▶ [What to work on]: All entries below must be given again word for word.

▶ [Data under study]:
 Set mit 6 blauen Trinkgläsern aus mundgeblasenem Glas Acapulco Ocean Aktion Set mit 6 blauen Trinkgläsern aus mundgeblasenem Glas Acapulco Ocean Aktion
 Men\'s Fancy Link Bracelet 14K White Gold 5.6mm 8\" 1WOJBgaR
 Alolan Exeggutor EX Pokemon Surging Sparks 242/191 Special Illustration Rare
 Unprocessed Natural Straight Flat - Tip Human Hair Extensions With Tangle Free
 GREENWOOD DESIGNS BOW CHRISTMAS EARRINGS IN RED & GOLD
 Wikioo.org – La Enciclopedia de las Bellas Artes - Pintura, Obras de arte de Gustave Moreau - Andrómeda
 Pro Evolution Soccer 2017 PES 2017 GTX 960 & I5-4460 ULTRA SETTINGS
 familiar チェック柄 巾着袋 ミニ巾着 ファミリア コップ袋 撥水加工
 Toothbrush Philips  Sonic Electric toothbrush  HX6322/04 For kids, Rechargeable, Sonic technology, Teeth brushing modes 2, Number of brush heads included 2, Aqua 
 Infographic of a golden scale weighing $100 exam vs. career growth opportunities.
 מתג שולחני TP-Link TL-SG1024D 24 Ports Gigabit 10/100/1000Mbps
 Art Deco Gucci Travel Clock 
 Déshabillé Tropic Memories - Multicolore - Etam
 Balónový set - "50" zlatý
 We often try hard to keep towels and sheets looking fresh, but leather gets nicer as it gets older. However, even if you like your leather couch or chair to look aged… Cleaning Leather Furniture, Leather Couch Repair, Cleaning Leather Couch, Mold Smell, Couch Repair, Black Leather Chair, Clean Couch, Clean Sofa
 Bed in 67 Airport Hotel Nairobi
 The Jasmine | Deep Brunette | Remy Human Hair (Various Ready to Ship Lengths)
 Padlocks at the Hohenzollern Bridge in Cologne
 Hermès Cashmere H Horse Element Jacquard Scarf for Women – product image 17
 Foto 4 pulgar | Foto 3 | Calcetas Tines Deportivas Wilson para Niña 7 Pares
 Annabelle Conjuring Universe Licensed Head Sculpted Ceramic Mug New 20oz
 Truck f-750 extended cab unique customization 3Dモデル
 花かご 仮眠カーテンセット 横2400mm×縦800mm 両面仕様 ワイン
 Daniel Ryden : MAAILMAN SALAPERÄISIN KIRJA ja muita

▶ [Reply]:
 Set mit 6 blauen Trinkgläsern aus mundgeblasenem Glas Acapulco Ocean Aktion Set mit 6 blauen Trinkgläsern aus mundgeblasenem Glas Acapulco Ocean Aktion
 Men\'s Fancy Link Bracelet 14K White Gold 5.6mm 8\" 1WOJBgaR
 Alolan Exeggutor EX Pokemon Surging Sparks 242/191 Special Illustration Rare
 Unprocessed Natural Straight Flat - Tip Human Hair Extensions With Tangle Free
 GREENWOOD DESIGNS BOW CHRISTMAS EARRINGS IN RED & GOLD
 Wikioo.org – La Enciclopedia de las Bellas Artes - Pintura, Obras de arte de Gustave Moreau - Andrómeda
 Pro Evolution Soccer 2017 PES 2017 GTX 960 & I5-4460 ULTRA SETTINGS
 familiar チェック柄 巾着袋 ミニ巾着 ファミリア コップ袋 撥水加工
 Toothbrush Philips  Sonic Electric toothbrush  HX6322/04 For kids, Rechargeable, Sonic technology, Teeth brushing modes 2, Number of brush heads included 2, Aqua 
 Infographic of a golden scale weighing $100 exam vs. career growth opportunities.
 מתג שולחני TP-Link TL-SG1024D 24 Ports Gigabit 10/100/1000Mbps
 Art Deco Gucci Travel Clock 
 Déshabillé Tropic Memories - Multicolore - Etam
 Balónový set - "50" zlatý
 We often try hard to keep towels and sheets looking fresh, but leather gets nicer as it gets older. However, even if you like your leather couch or chair to look aged… Cleaning Leather Furniture, Leather Couch Repair, Cleaning Leather Couch, Mold Smell, Couch Repair, Black Leather Chair, Clean Couch, Clean Sofa
 Bed in 67 Airport Hotel Nairobi
 The Jasmine | Deep Brunette | Remy Human Hair (Various Ready to Ship Lengths)
 Padlocks at the Hohenzollern Bridge in Cologne
 Hermès Cashmere H Horse Element Jacquard Scarf for Women – product image 17
 Foto 4 pulgar | Foto 3 | Calcetas Tines Deportivas Wilson para Niña 7 Pares
 Annabelle Conjuring Universe Licensed Head Sculpted Ceramic Mug New 20oz
 Truck f-750 extended cab unique customization 3Dモデル
 花かご 仮眠カーテンセット 横2400mm×縦800mm 両面仕様 ワイン
 Daniel Ryden : MAAILMAN SALAPERÄISIN KIRJA ja muita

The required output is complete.